**BRIEF**
Before copying the entries, remove the pictures; everything else stays exactly as it is.

**EXTRACTED RECORDS**
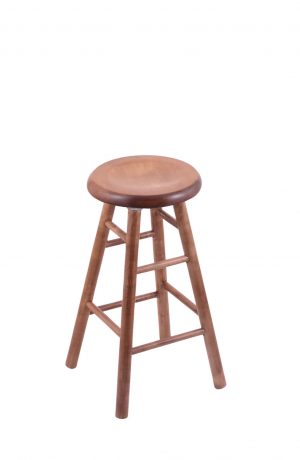 Holland's Saddle Dish Round Backless Swivel Stool with Smooth Legs in Maple Medium Wood Finish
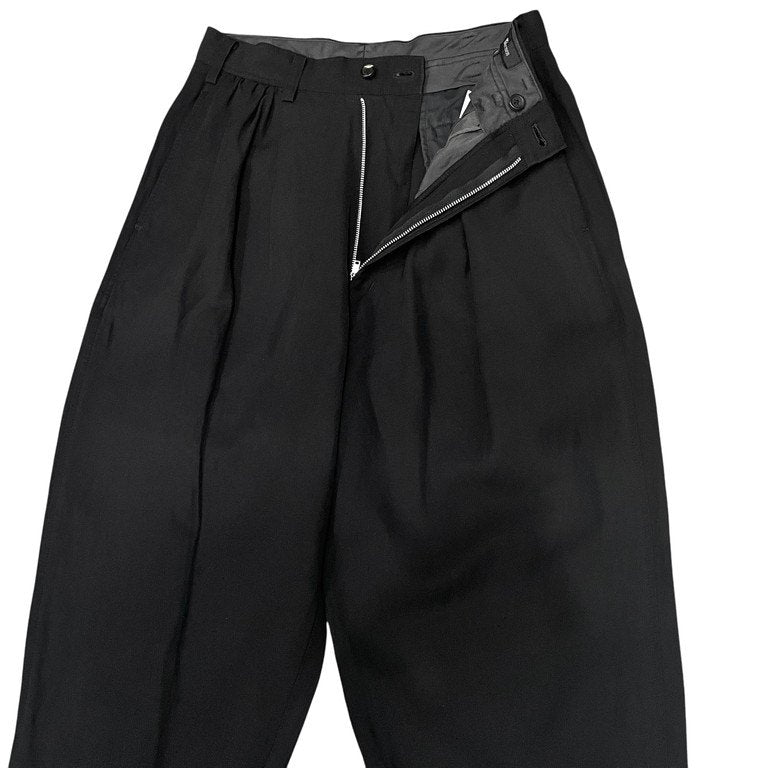 Y's for men ウールリネンギャバジンウエストギャザーフラップポケットテーパードパンツ スラックス トラウザーズ Archive 90s Yohji Yamamoto Pour Homme ヨウジヤマモトプールオム ワイズフォーメン メンズ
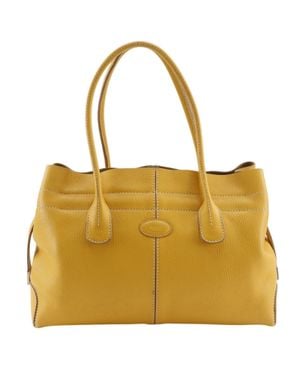 Tod's D Bag Leather Tote Bag - Yellow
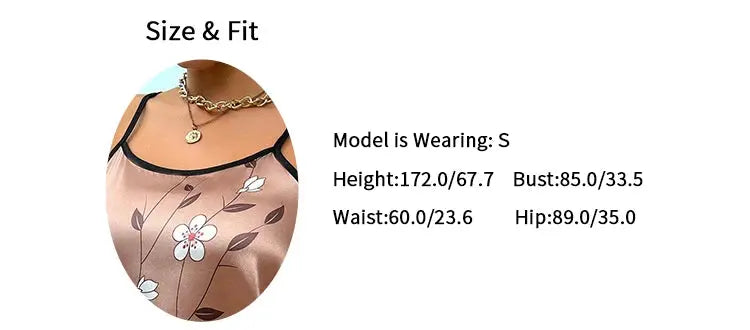 Women's Sleepdress Satin Floral Print Nightdress Comfortable Spaghetti Strap Sleepwear Dress Luxurious Satin Slip Nightdress NNOS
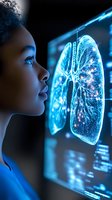 Young African American medical professional examining digital lung scan visualization with glowing blue holographic display showing detailed respiratory system.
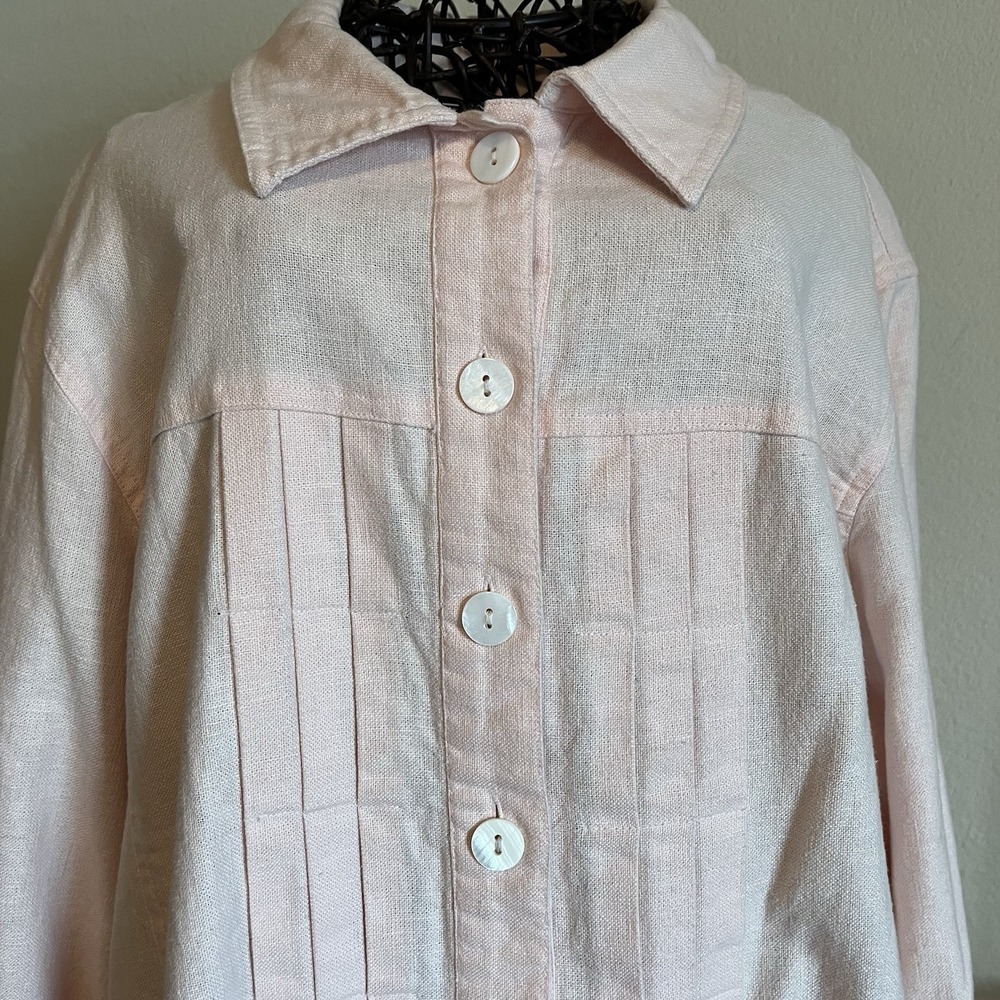 Linen Blend Button Up Shirt Sz L Pleated‎ Petal Pink Soft Girl Elevated Basic - Picture 2 of 13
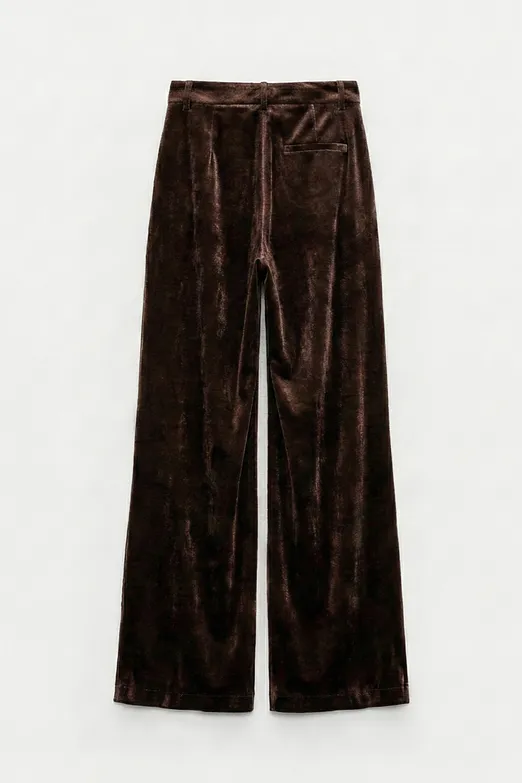 Bayan Kahverengi Kadife Pileli Bol Pantolon - BSL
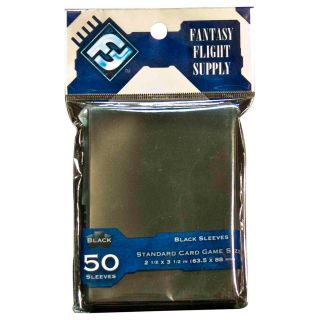 Fantasy Flight Accessories - Standard Card Game Sleeves - BLACK (63.5 x 88 mm) 50ct.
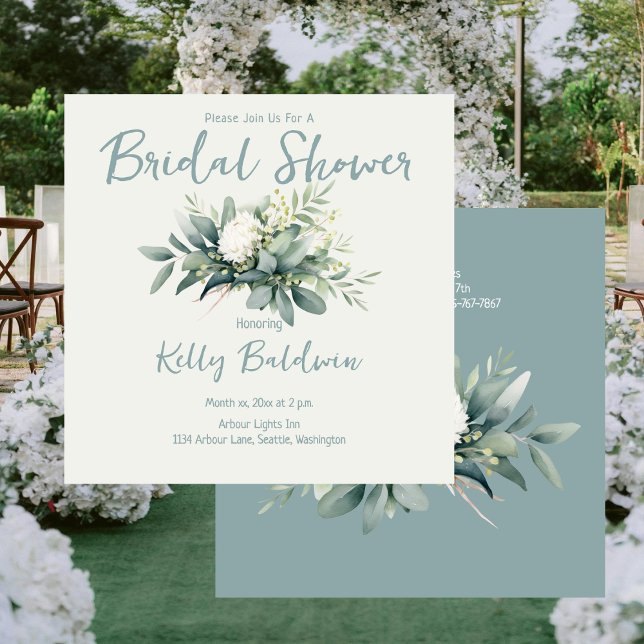 Invitación Despedida de soltera Summer Sage y floral blanco (Bridal Shower Summer Sage and White Floral Invitation)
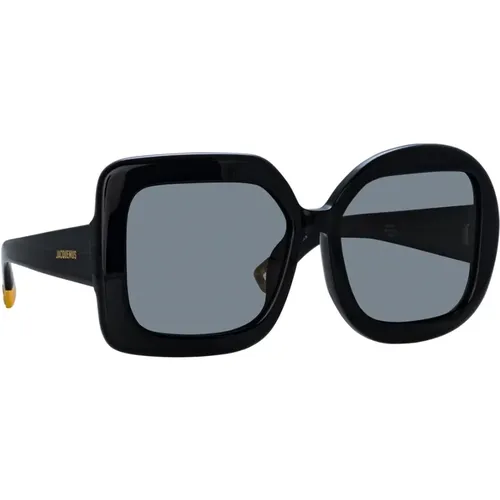 Quadratische Sonnenbrille Schwarz - Jacquemus - Modalova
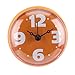 Lazmin Waterproof Suction Wall Clock, Traditional Pointer Type Small Clock, Easy Attaching to Bathroom Wall/Mirror/Glass, for Bathroom/Kitchen(Orange)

**ANSWER TO THE EXERCISE**
 Holland's Saddle Dish Round Backless Swivel Stool with Smooth Legs in Maple Medium Wood Finish
 Y's for men ウールリネンギャバジンウエストギャザーフラップポケットテーパードパンツ スラックス トラウザーズ Archive 90s Yohji Yamamoto Pour Homme ヨウジヤマモトプールオム ワイズフォーメン メンズ
 Tod's D Bag Leather Tote Bag - Yellow
 Women's Sleepdress Satin Floral Print Nightdress Comfortable Spaghetti Strap Sleepwear Dress Luxurious Satin Slip Nightdress NNOS
 Young African American medical professional examining digital lung scan visualization with glowing blue holographic display showing detailed respiratory system.
 Linen Blend Button Up Shirt Sz L Pleated‎ Petal Pink Soft Girl Elevated Basic - Picture 2 of 13
 Bayan Kahverengi Kadife Pileli Bol Pantolon - BSL
 Fantasy Flight Accessories - Standard Card Game Sleeves - BLACK (63.5 x 88 mm) 50ct.
 Invitación Despedida de soltera Summer Sage y floral blanco (Bridal Shower Summer Sage and White Floral Invitation)
 Quadratische Sonnenbrille Schwarz - Jacquemus - Modalova
 Lazmin Waterproof Suction Wall Clock, Traditional Pointer Type Small Clock, Easy Attaching to Bathroom Wall/Mirror/Glass, for Bathroom/Kitchen(Orange)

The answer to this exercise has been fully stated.